A Green Roof for San Francisco
Sourced from Domus
Salesforce Transit Center sets a new paradigm for urban design in the United States. Located in San Francisco’s Transbay District, the new transit center illustrates how a dense, downtown, transit-based development can provide a sustainable alternative to a suburban, car-focused lifestyle. The transit center was developed to consolidate operations of 11 bus systems in the Bay Area and to serve as a future rail terminus for the Caltrain commuter rail and California High Speed Rail connecting San Francisco to Los Angeles. Anticipated to serve over 45 million people annually, the transit center has become a transportation hub and catalyst for a new, vibrant, built-out Financial District in a once underdeveloped neighborhood in the city.

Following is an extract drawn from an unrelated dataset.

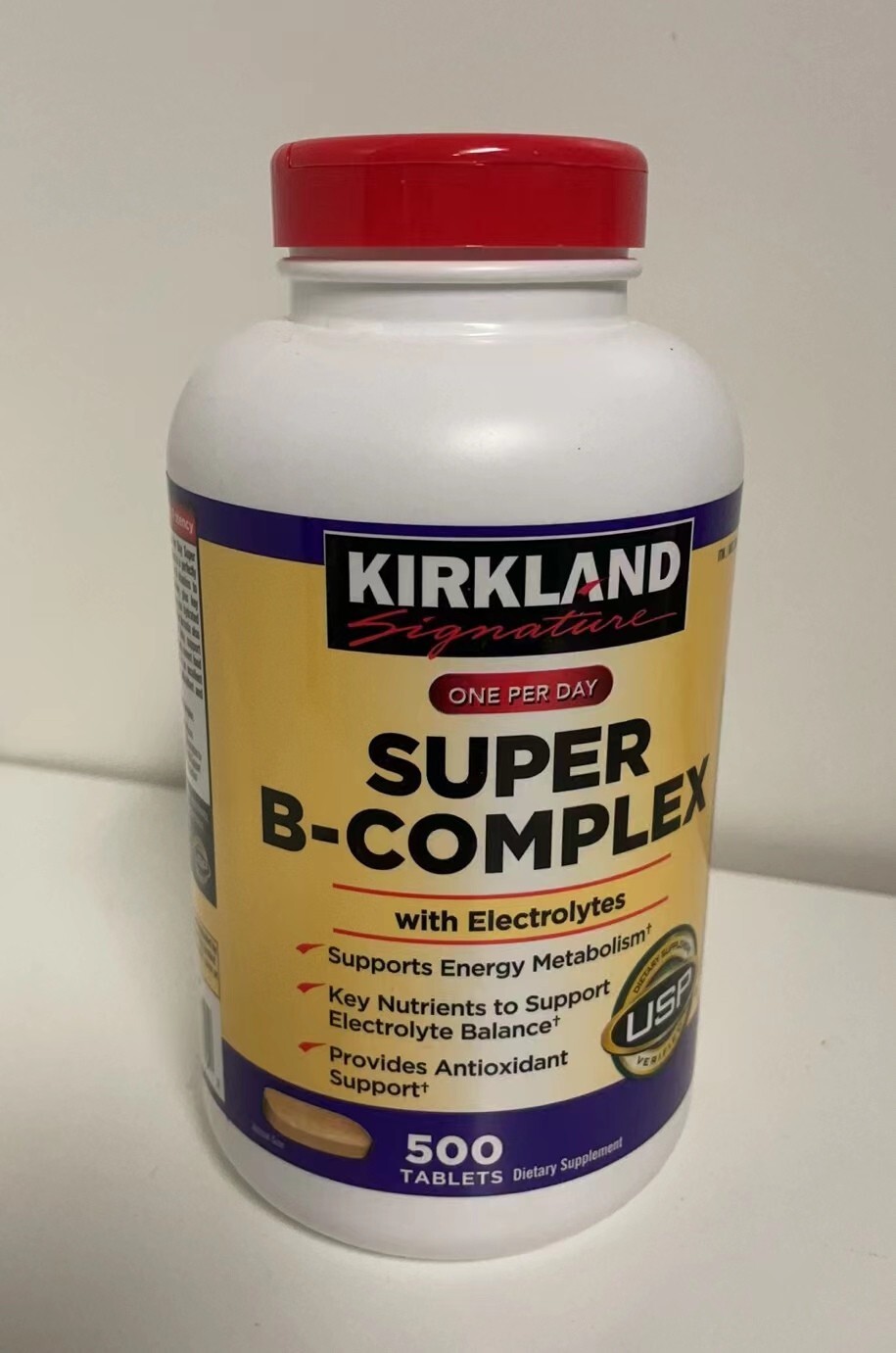 Kirkland Signature Super B-Complex with Electrolytes, 500 Tablets，11/2024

Connecting neighboring city districts
The old Transbay District became encircled by a large, elevated ramp that led from the Bay Bridge to the original 1939 Transbay Bus Terminal. The ramp enclosed the transit center from the surrounding blocks and stifled neighborhood growth. Its removal in 2010, before construction of the transit center, gave the design team an opportunity to reinvent and restore the neighborhood into a vibrant, mixed-use one.
Humanizing infrastructure
At its essence, the 1.5 million square feet facility is a large-scale piece of infrastructure designed to accommodate multiple transportation modes. Humanizing infrastructure became the critical design challenge to create a functional yet visually appealing cornerstone for community building and socio- economic development. Given the complexity of the site and scale of the project, the design team provided solutions that demonstrated ways that large-scale infrastructure projects can be humanized, making it open, friendly, supportive of the public realm, and welcoming to a range of people and interests.